Davalı iş sahibinin talebi üzerine Alanya 2.Sulh Hukuk Mahkemesi’nin 2015/48 D.İş sayılı dosyası ile mahallinde yapılan tespit ve alınan bilirkişi raporuyla, eksik imalatların tamirat gideri 7.160,8 TL olarak belirlenmiş olup, anılan rapora davalı iş sahibi tarafından itiraz edilmemiştir. Söz konusu raporun aleyhine tespit istenen yükleniciye tebliğ edilemediği anlaşılmış ise de, ilk derece mahkemesince hükme esas alınan bilirkişi heyeti raporunda, davacı yanın alacağı hesaplanırken, tespit raporu ile belirlenen ve davalı tarafça itiraza uğramamış olan 7.160,80 TL tutar davacının alacağından mahsup edilmiştir.

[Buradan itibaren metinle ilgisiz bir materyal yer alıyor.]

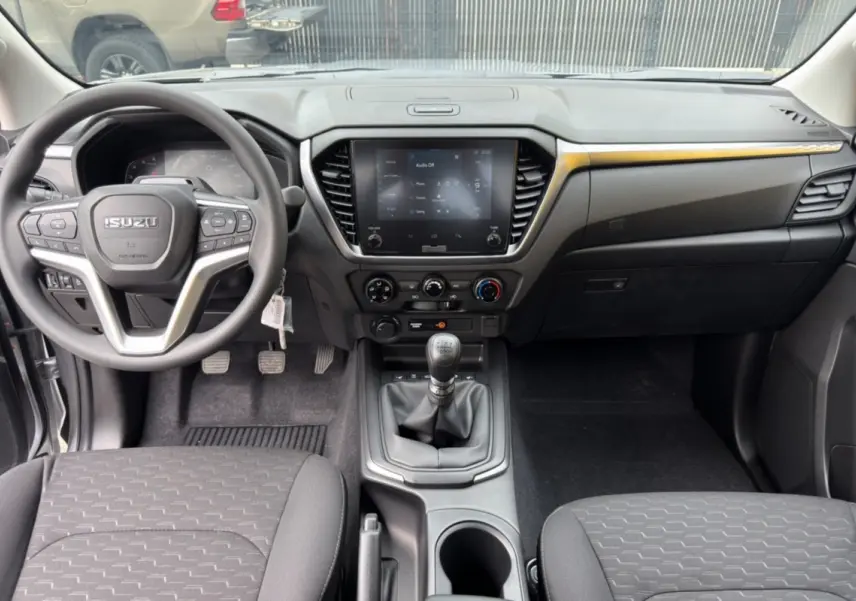 Vue intérieure avant de l'Isuzu D-MAX 2.2 TD 164 Space Evolution avec tableau de bord noir et levier de vitesse manuel.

Taraflara ait ticari defter ve belgeler üzerinde yaptırılan bilirkişi incelemesi sonucunda, davacı şirkete ait ticari defter ve belgelere göre, davacının, davalıdan 136.625,02 TL alacaklı olduğu, davalı şirkete ait ticari defter ve belgelere göre ise davalı şirketin, davacıya 98.973,52 TL borçlu olduğu, aradaki farkın, davalı iş sahibinin, davacı yükleniciye düzenlediği iki adet iade faturasından kaynaklandığı anlaşılmış olup; davalının, söz konusu iade faturalarına konu malları, davacı yükleniciye teslim/ iade ettiğinin ispatlanamadığına dair mahkeme gerekçesi isabetli bulunmuştur.

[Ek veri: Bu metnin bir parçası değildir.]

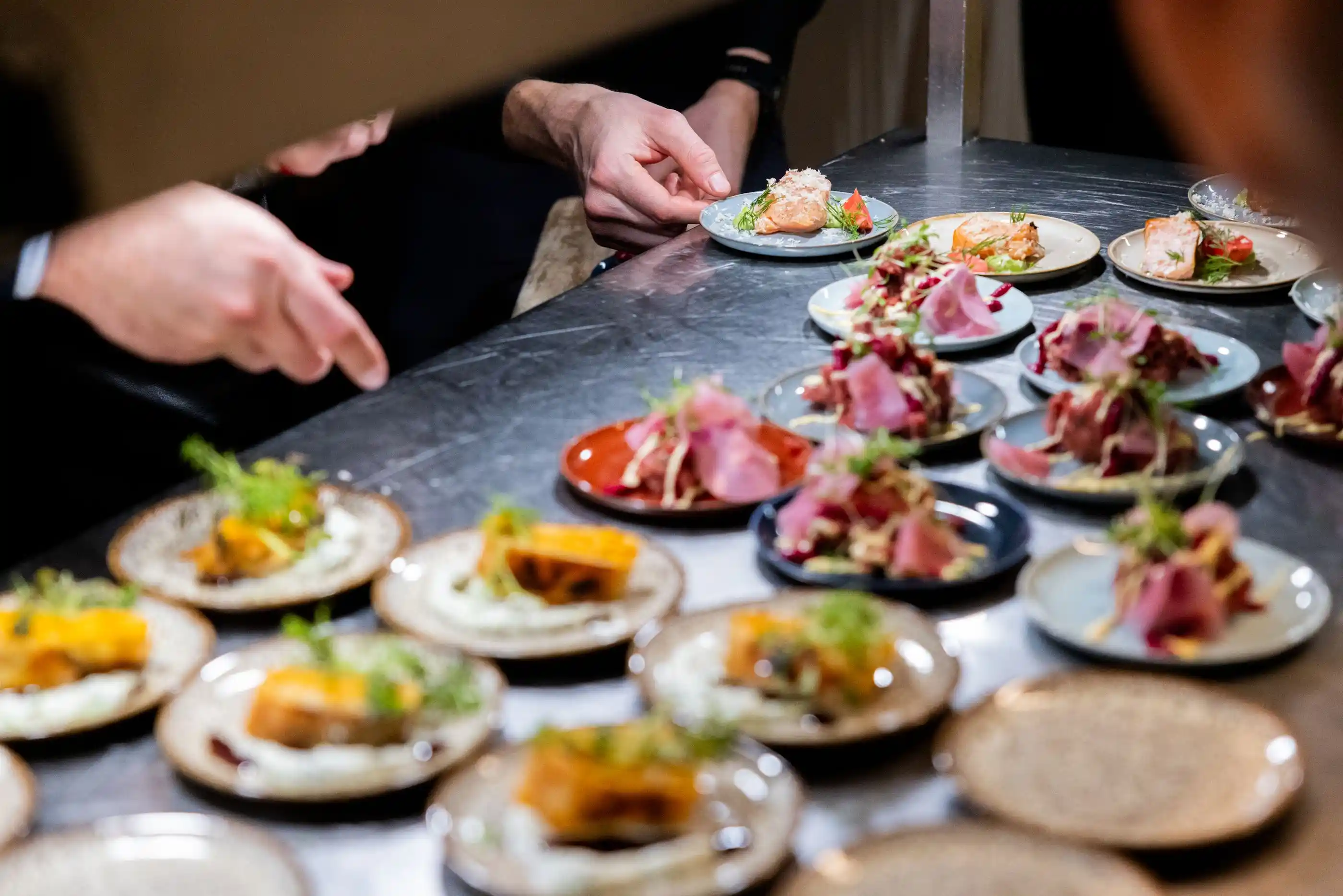 Chefs plating a tasting course at a live culinary station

Yukarıda açıklanan nedenler ve tüm dosya içeriğine göre; ilk derece mahkemesince taraflarca gösterilen delillerin toplanmasında, değerlendirilmesinde esas ve usul bakımından hukuka aykırılık bulunmadığı ve davalı vekilinin tüm istinaf nedenleri yerinde görülmediğinden 6100 Sayılı HMK’nun 353/1. fıkrası (b-1) bendi uyarınca istinaf başvurusunun esastan reddine ilişkin karar verilmesi gerekmiş ve aşağıdaki hüküm kurulmuştur.

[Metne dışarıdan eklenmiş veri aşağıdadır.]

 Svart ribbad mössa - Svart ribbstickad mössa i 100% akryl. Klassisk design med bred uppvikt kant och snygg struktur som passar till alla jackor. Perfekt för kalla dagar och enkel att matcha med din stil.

HÜKÜM: Yukarıda açıklanan nedenlerle;
1-İzmir 2. Asliye Ticaret Mahkemesi’nin 02.03.2021 tarih ve 2016/870 Esas, 2021/182 Karar sayılı kararı, usul ve esas yönünden hukuka uygun bulunduğundan, davalı vekilinin bu karara karşı yapmış olduğu istinaf kanun yoluna başvurusunun, 6100 sayılı HMK’nın 353/(1)-b-1. maddesi gereğince ESASTAN REDDİNE,
2-Davalı vekilinin istinaf başvurusunun reddine karar verilmiş olması nedeniyle, alınması gerekli 8.843,70 TL istinaf karar ve ilam harcından, peşin alınan toplam 2.210,93 TL harcın mahsubu ile kalan 6.632,77 TL harç bedelinin davalıdan alınarak, Hazine’ye gelir kaydına,
3-Davalı tarafından yatırılan 162,10 TL istinaf kanun yoluna başvurma harcı ile istinaf kanun yolu giderlerinin kendi üzerinde bırakılmasına,

4-Kararın, ilk derece mahkemesince taraflara tebliğine,
Dair, dosya üzerinde yapılan inceleme sonucunda, HMK’nın 362/(1)-a maddesi uyarınca dava değeri itibarıyla kesin olmak üzere 04.10.2023 tarihinde oy birliğiyle karar verildi.